IHU On-Line - Defender que a experiência da vida é valiosa para um animal não é, em essência, reforçar o próprio direito humano à vida e à dignidade. Quem desconhece os direitos dos animais não está mais próximo, em uma escala moral, de desconhecer os direitos do ser humano?

Fábio de Oliveira – Sim. O reconhecimento de que animais têm direitos caminha em conjunto com o respeito pelos direitos humanos. Há inclusive estudos demonstrando a associação entre comportamentos contra animais e contra humanos. Pessoas que cometeram crimes contra seres humanos que tinham prática de violência com animais. Como se parte de um mesmo pressuposto, que é o respeito pelo outro, pela dor do outro, pelas suas propensões naturais, pelos seus interesses, pela sua vida, ou seja, um juízo de integridade, a relação estabelecida na questão é procedente.

 

IHU On-Line - Os Comitês de Ética e Pesquisa colocam em debate a questão dos direitos dos animais?

Fábio de Oliveira – Normalmente não. Quase nunca. Os Comitês de Ética e Pesquisa estão inseridos em um marco legal onde a instrumentalização dos animais é permitida, onde impor dor, sofrimento físico e psicológico aos animais é autorizado, onde prender e matar animais é permitido. Acrescente-se que a generalidade daqueles que defendem direitos animais se recusam, com razão, a integrar tais Comitês, pois seria legitimar uma prática que, por princípio e de início, é eticamente condenada.

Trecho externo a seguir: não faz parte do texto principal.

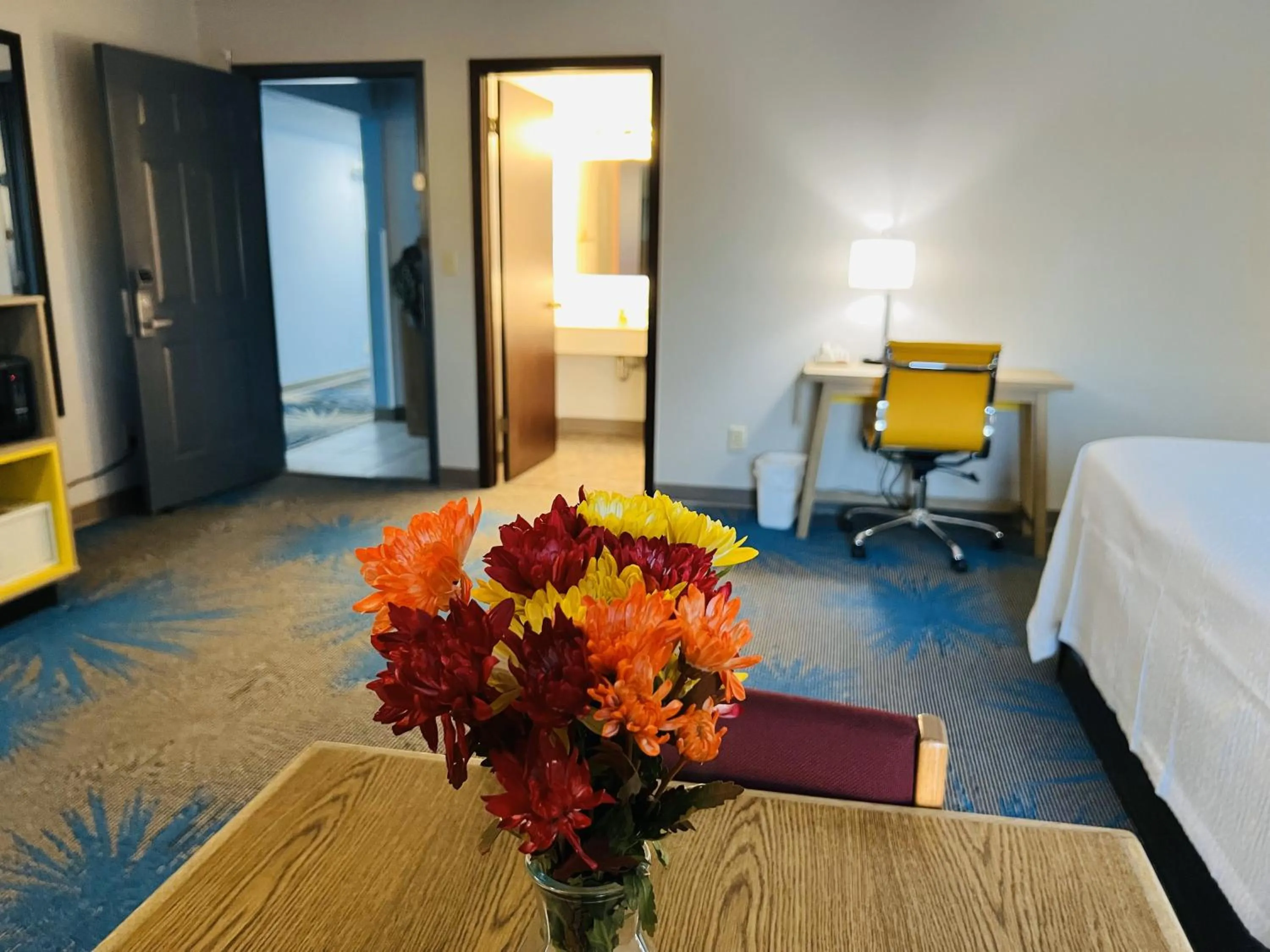 Bedroom in Days Inn by Wyndham Jamestown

Algo como convidar um abolicionista da escravidão negra para participar de um conselho de capitães-do-mato.

 

IHU On-Line - O avanço científico por si só justificaria a adoção de medidas de maus-tratos a animais? 

Fábio de Oliveira – Não, não justificaria. Não justificaria maus-tratos a seres humanos. Não justifica maus-tratos a animais. A hipocrisia está em afirmar que não existem maus-tratos. O mesmo se diga para a alimentação.

 

IHU On-Line - Gostaria de adicionar algo?

Fábio de Oliveira – A Ética Animal está avançando a passos largos também no Brasil, alcançando um espaço progressivo na academia. Não é possível ignorá-la. A discussão está posta.